Kazem Rezvanian a ouvert son atelier à tous les amateurs de peinture a ceux pour qui leur appartement possède une âme à partir du moment où les murs s'ornent de tableaux de maîtres rodés aux techniques les plus délicates de l'art pictural. Transmettre aux autres la chose vue au travers d'un regard qui lui est propre fut pour Kazem Rezvanian une démarche acquise très tôt auprès d'un père, artiste coté en Iran. Et l'élève sut faire honneur au précepteur initial en témoignant du souci de faire sien, non seulement les techniques de maîtres iraniens comme Kamai Almock, mais encore celles des maîtres en Europe avec un attrait plus particulier pour ceux de l'Ecole Flamande.
Un artiste véritable n'a de cesse d'apporter des touches nouvelles à chacune des toiles nées récemment ce qui en fait une oeuvre originale mais rend difficile l'analyse d'une exécution particulière puisqu'un amoureux de l'art s'en sera déjà porté acquéreur. Qui dit exposition permanente comme c'est le cas dans le salon de l'atelier, 6 rue du Travail à Strasbourg, dit cimaises en perpétuel renouvellement. Et c'est avec modestie que la critique se met à juger d'un ensemble car la toile qui attirait une attention soutenue aura déjà trouvé preneur ce qui tend à confirmer que le bon goût tient à l'universalité.

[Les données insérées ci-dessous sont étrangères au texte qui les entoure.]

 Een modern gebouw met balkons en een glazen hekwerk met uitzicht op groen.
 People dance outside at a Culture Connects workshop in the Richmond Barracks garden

Ce que l'oeil saisit au premier abord, c'est le rôle de l'ombre et de la lumière dont le peintre fait usage avec une maîtrise parfaite où le brun indien et le bleu marine s'opposent aux ocres chauds avec leurs effets lumineux comme un soleil intériorisé. Et quand le regard se rapproche de la toile, il réalise que l'artiste choisit, dans une palette fort riche, la technique qui donnera à tel paysage sa profondeur avec, au premier plan, un village qui se découpe très nettement sur un fond de montagnes voilé de vapeurs aux tons pastel. Tel bouquet avec ses glacis de bleus prend tout son relief avec des pétales qu'une brosse habile a travaillés en saillies. Paysages et natures mortes, mais pas seulement. L'artiste sait créer le mouvement avec des stries de peintures appliquées en touches minces ou épaisses, claires ou sombres pour évoquer le gestuel d'un couple enlacé dans l'esquisse d'un pas de danse.
Atelier à visiter absolument avec le plaisir d'y rencontrer un peintre en plein travail. Ici, les couleurs et les thèmes sont à la mesure de l'universel; le temps a suspendu son vol pour s'attarder sur ce qui fait le sel de la vie: la paix retrouvée dans l'ombre des bruns comme ceux des bois de nos colombages alors que les ocres et les outremer déversent un reflet de paradis jamais oublié.
Michelle MEYER, écrivain et journaliste, Lauréate de l'Académie Française en poésie.